> _Aim of the task_: Return, exactly and in full, the lines of the records below starting at the one with "2012 BMW 7 Series 750Li xDrive's photo" and ending at the one with "1266 County Road Ph, Onalaska, WI 54650", and no other lines.

> _Record extracts_:
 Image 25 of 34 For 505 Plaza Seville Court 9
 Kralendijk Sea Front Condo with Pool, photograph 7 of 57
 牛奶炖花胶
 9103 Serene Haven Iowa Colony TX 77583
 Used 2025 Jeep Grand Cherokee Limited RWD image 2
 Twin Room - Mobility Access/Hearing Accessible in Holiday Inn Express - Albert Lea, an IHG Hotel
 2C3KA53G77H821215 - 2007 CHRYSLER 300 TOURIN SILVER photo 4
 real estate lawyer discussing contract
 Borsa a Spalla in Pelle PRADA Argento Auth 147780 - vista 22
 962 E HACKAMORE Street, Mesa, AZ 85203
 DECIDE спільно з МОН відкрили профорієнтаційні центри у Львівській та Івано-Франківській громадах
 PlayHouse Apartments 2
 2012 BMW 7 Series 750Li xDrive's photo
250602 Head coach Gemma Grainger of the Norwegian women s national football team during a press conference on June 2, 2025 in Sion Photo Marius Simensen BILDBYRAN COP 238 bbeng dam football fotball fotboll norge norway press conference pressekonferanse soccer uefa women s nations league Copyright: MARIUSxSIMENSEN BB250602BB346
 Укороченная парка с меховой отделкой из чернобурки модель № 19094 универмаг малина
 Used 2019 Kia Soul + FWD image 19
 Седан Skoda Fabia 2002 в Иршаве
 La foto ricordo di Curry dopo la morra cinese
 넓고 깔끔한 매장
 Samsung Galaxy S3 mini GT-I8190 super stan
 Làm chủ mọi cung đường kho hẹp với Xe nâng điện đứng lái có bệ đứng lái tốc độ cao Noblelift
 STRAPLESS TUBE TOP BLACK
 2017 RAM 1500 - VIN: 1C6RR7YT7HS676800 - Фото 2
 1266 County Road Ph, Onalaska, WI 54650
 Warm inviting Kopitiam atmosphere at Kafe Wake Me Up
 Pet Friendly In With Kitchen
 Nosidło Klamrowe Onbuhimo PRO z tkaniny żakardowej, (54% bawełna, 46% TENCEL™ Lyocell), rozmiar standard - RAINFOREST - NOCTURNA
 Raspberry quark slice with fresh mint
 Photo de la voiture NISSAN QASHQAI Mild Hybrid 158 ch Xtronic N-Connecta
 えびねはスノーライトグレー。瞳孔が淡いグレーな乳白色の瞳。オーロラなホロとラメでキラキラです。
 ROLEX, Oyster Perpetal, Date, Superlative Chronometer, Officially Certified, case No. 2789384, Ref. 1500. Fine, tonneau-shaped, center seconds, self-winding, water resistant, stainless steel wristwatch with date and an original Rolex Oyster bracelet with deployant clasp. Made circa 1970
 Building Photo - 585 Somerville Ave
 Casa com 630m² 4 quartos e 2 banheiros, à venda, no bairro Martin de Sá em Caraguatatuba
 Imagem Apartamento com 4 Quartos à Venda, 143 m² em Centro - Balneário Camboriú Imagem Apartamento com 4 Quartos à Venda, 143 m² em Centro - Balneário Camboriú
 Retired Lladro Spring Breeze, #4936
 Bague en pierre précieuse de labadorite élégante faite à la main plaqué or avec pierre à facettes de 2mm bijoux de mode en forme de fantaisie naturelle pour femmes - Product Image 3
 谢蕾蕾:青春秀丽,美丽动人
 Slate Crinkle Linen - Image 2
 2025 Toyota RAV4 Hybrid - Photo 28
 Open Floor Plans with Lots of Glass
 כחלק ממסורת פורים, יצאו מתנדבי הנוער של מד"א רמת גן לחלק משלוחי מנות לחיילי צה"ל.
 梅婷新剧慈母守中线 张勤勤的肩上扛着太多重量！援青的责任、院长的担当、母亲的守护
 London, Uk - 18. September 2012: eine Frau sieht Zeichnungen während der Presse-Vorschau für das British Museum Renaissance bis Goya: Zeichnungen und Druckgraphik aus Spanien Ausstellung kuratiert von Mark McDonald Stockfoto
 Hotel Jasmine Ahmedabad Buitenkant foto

> _Output below_:
 2012 BMW 7 Series 750Li xDrive's photo
250602 Head coach Gemma Grainger of the Norwegian women s national football team during a press conference on June 2, 2025 in Sion Photo Marius Simensen BILDBYRAN COP 238 bbeng dam football fotball fotboll norge norway press conference pressekonferanse soccer uefa women s nations league Copyright: MARIUSxSIMENSEN BB250602BB346
 Укороченная парка с меховой отделкой из чернобурки модель № 19094 универмаг малина
 Used 2019 Kia Soul + FWD image 19
 Седан Skoda Fabia 2002 в Иршаве
 La foto ricordo di Curry dopo la morra cinese
 넓고 깔끔한 매장
 Samsung Galaxy S3 mini GT-I8190 super stan
 Làm chủ mọi cung đường kho hẹp với Xe nâng điện đứng lái có bệ đứng lái tốc độ cao Noblelift
 STRAPLESS TUBE TOP BLACK
 2017 RAM 1500 - VIN: 1C6RR7YT7HS676800 - Фото 2
 1266 County Road Ph, Onalaska, WI 54650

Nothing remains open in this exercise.